Use ssh-keygen to generate a public/private keypair for whatever user you want to use to transfer files.  Just hit a return when prompted for an optional passphrase.  Copy the ~/.ssh/id_rsa.pub to the destination host and user's ~/.ssh/authorized_keys file.  If you want to manage more than one key then just append to that file.

At this point you can do an ssh or scp from the source to the destination host without a login prompt and could thus then use these commands in a script or from a crontab.

You could even use root to do this, but realize that it is a potential problem for network-wide pwnage.  The private key (~/.ssh/id_rsa file) on the source machine must be treated as a security relevant object.

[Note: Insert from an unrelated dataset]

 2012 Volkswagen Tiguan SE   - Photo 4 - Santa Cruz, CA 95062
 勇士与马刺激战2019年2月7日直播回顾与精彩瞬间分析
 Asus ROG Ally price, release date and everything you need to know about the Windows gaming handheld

If you have a policy to change passwords on a scheduled basis, you will also want to do a keyroll of the authorized keys by using ssh-keygen to generate a new pair as necessary and to then update the authorized_keys files.

----------

## Hu

To further secure the process, you could restrict the automated ssh key to use only sftp and/or be in a chroot on the receiving system.  This would restrict a compromised key to the ability to manipulate only the approved directories, so it could delete older backups, upload false new ones, or exhaust disk quota, but not run a shell or directly read non-backup-related files.  If you follow my earlier comment and transfer encrypted tar files, then there is no need for the receiving system to allow the key to log in as root.

----------

## grant123

I think the key factor is that the incrementation and encryption is done on the source system before anything is transferred to the destination.  How about duplicity for this?  It sounds like the right tool for the job:

 *Quote:*   

> Duplicity backs directories by producing encrypted tar-format volumes and uploading them to a remote or local file server. Because duplicity uses librsync, the incremental archives are space efficient and only record the parts of files that have changed since the last backup. Because duplicity uses GnuPG to encrypt and/or sign these archives, they will be safe from spying and/or modification by the server.

 

http://duplicity.nongnu.org

Is that a better choice than incremental tar?

Previously I was planning on rsyncing to an accessible location on the destination system and then running rdiff-backup from that location to an inaccessible location on the same system so old versions of the data would be clean if the SSH private key were compromised.  Can I accomplish something similar with incremental tar or duplicity?

----------